Friday, June 24, 2005


After a year or so of living together, my roommates and I have become pretty good about divvying up who buys what necessary provisions. It’s never been explicitly stated or anything; it’s just sort of understood.

I’m happy to say that my major grocerial responsibilities include:

Paper Towels
Toilet Paper
Ice Cream Sandwiches
Laundry Detergent

And then I blend ‘em all together to make fabulous snack-shakes!

Nah, I’m just kidding.

Actually, the reason I bring it up: The other night, we were all sitting around chewing on paper towels when we made an amusing discovery regarding the generic ice cream sandwich box, that looks like this:

I like this photo because it suggests the following: Some guy unwraps his ice cream sandwiches, takes one very big bite out of one of those ice cream sandwiches, places it back down on his ice cream sandwich pile, and then, presumably leaves to go and do something else.

That big ol’ bite also gives the photo a certain hey-this-is-what-you’re-supposed-to-do-to-these-ice-cream-sandwiches-stupid kinda quality.

This is also slightly funny, 'cause I honestly wouldn't know what else to do with a delicious, unwrapped ice cream sandwich. Maybe rub it against something?

When you think about it, there are strange (and essentially unappetizing) marketing choices like these that surround us every day.

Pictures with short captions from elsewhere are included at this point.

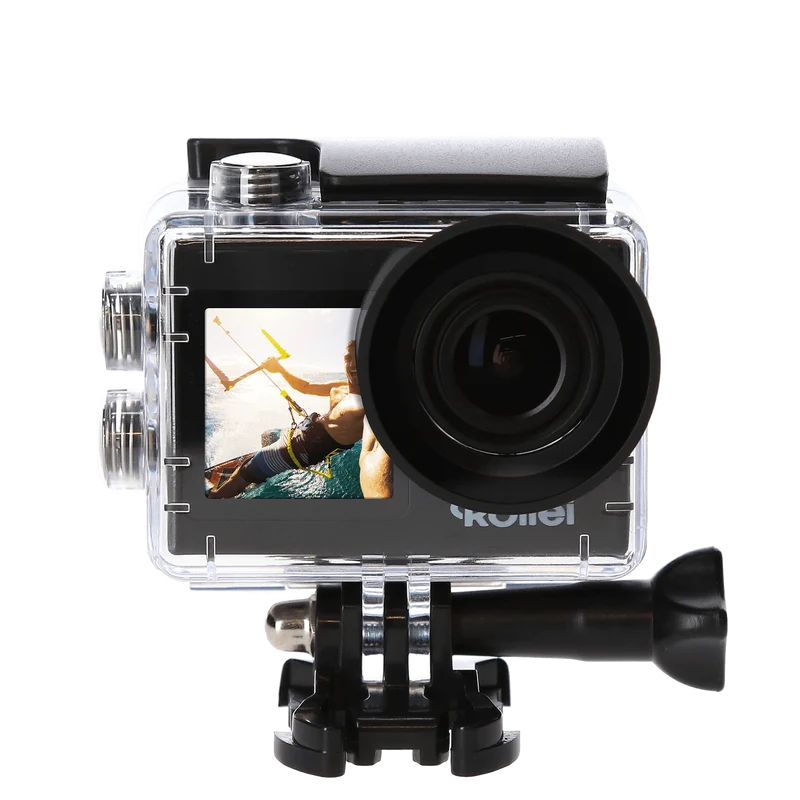 Actioncam 7s Plus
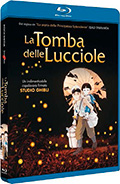 La tomba delle lucciole (Blu-Ray)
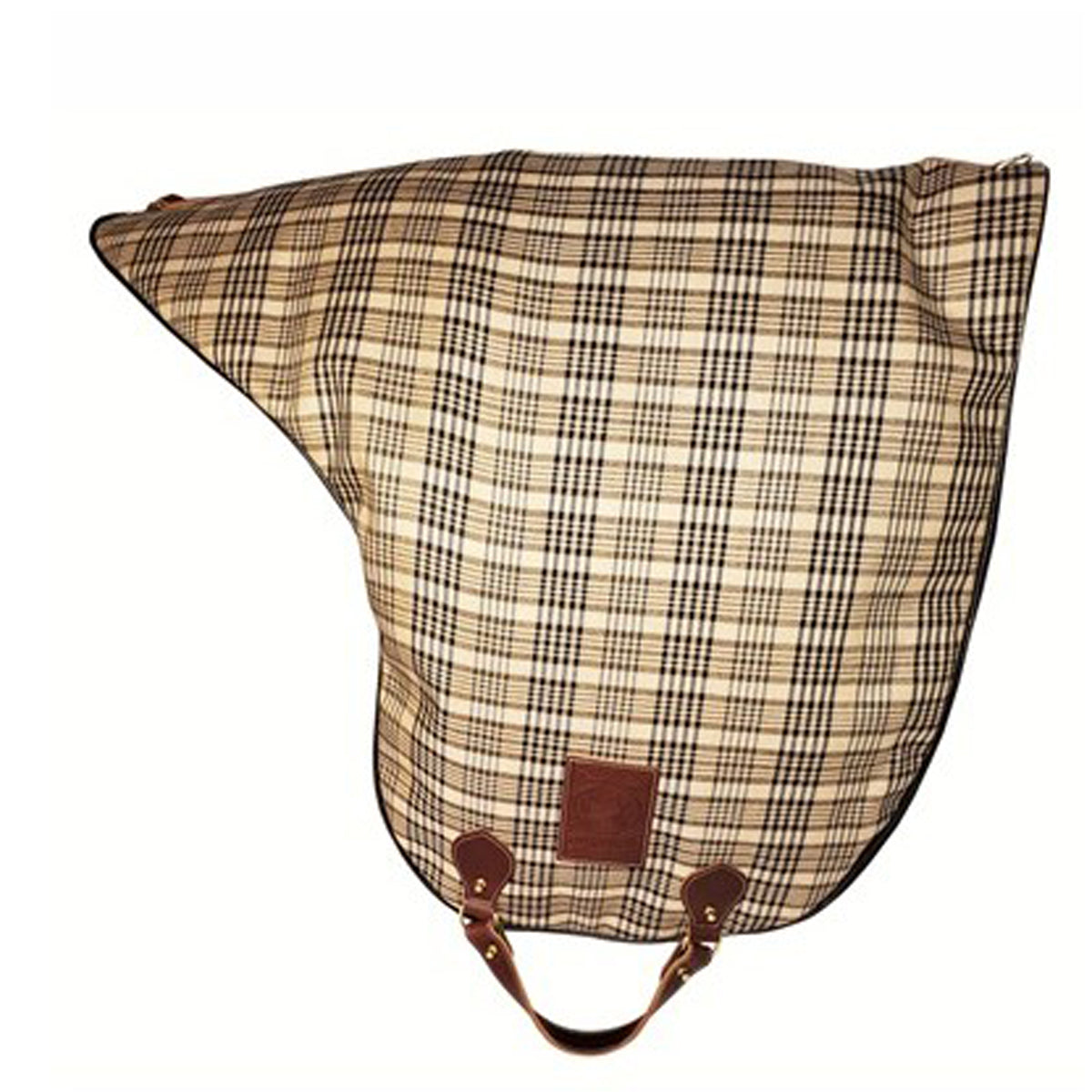 5/A Baker Dressage Saddle Carrier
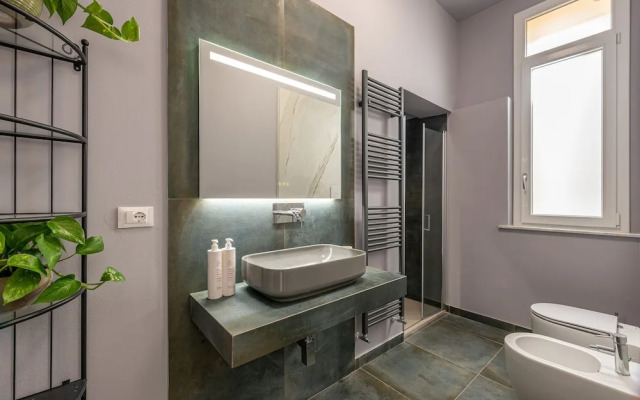 Villa Ammirata Room & Apartment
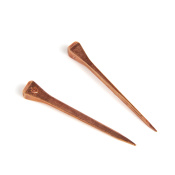 Гвозди ковочные с медным покрытием "EQUI-FORGE" ЕSL5, 25 шт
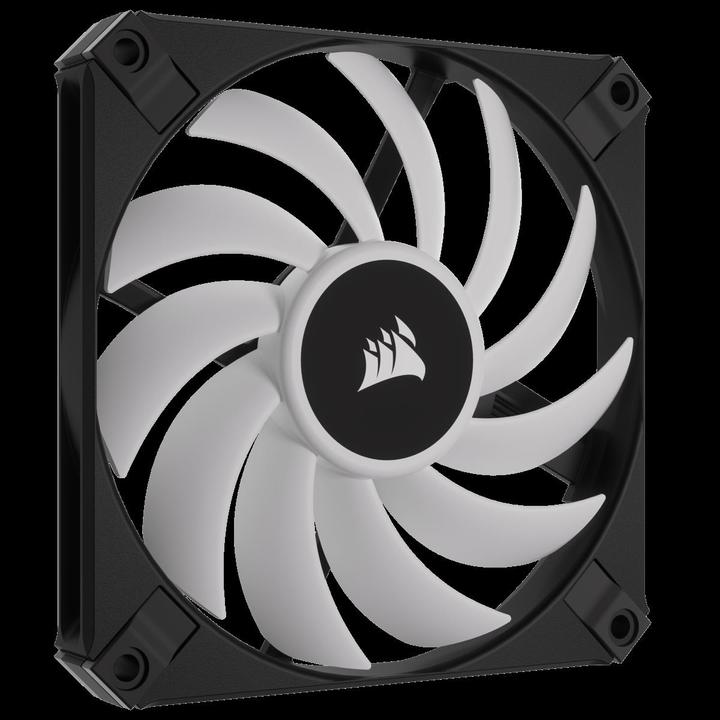 Image du produit Corsair iCUE AF120 RGB Slim (120 mm, 2 x)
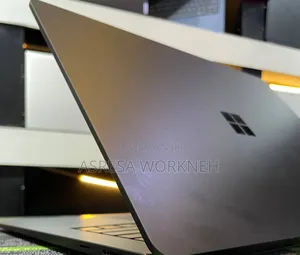 New Laptop 16GB SSD 512GB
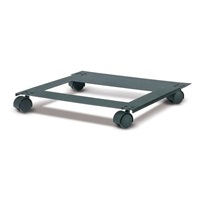 NetShelter WX Caster Kit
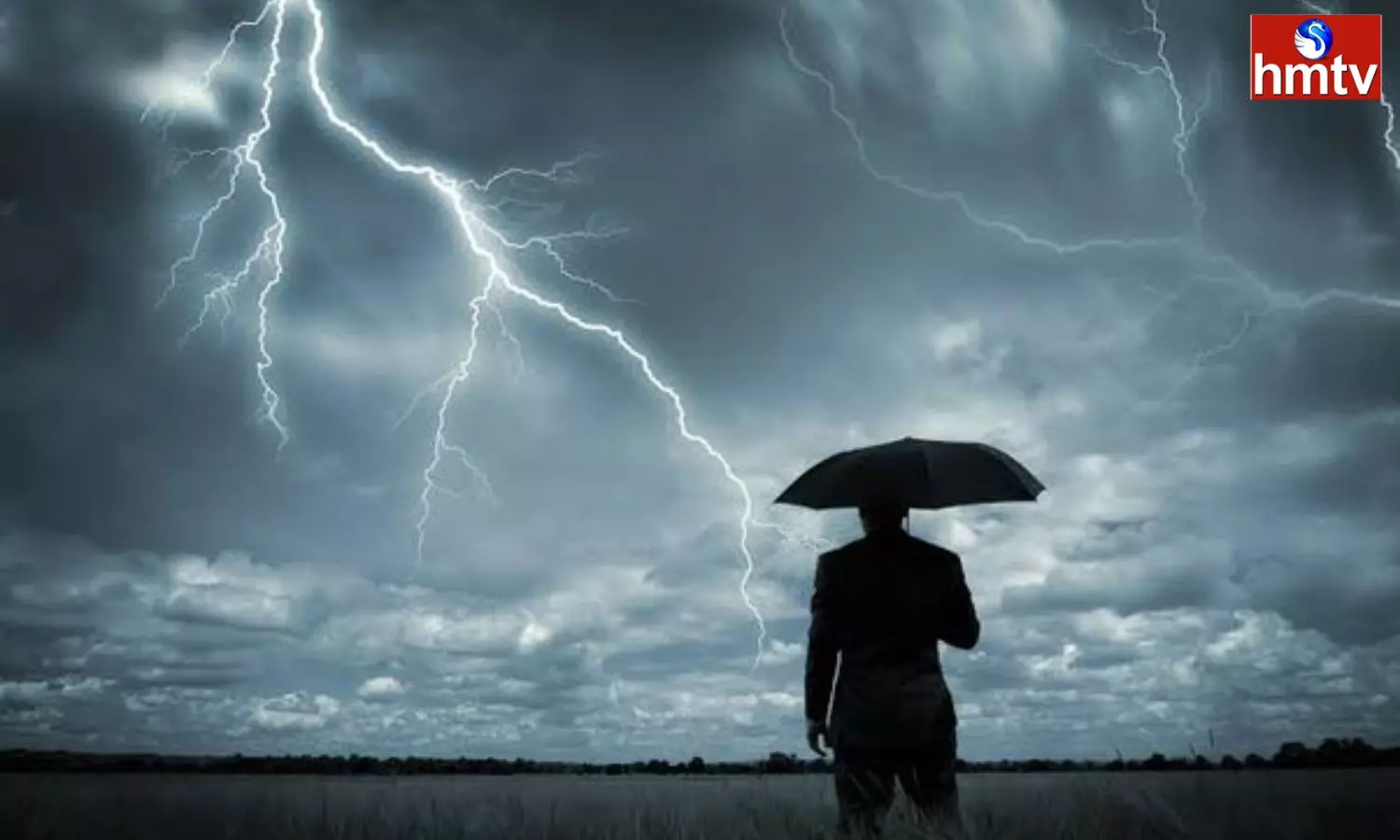 Thunderstorms Occur During Untimely Rains Know The Reasons
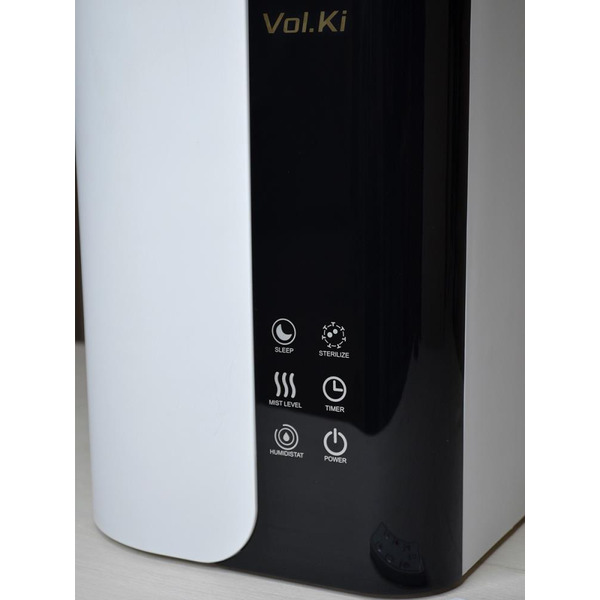 Увлажнитель воздуха Vol.Ki LP2209 (белый)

And beyond that, we’ve somehow learned to unflinchingly accept them.

I guess, at the very least, it’s comforting to remember that we still have a few tricks up our anti-insanity sleeves.


Dad said...

Don't sell yourself short Chris, you also bought that Velveeta Shells and Cheese thing. That stuff looks gooood.

Geoffrey said...

Over the past coupla weeks, Chris has made a disproportionate number of posts about ice cream. Which is to say, two.

Chris S. said...

I always crack up at what we're supposed to believe are human bites in these displays. In this case, instead of teeth marks blending soft chocolate cookie layers into the indulgent vanilla ice cream, it appears that a giant hole puncher cleanly hacked off a corner of the ice cream novelty.

Perhaps one of the robots from the Million Robot March got into one of these bad boys.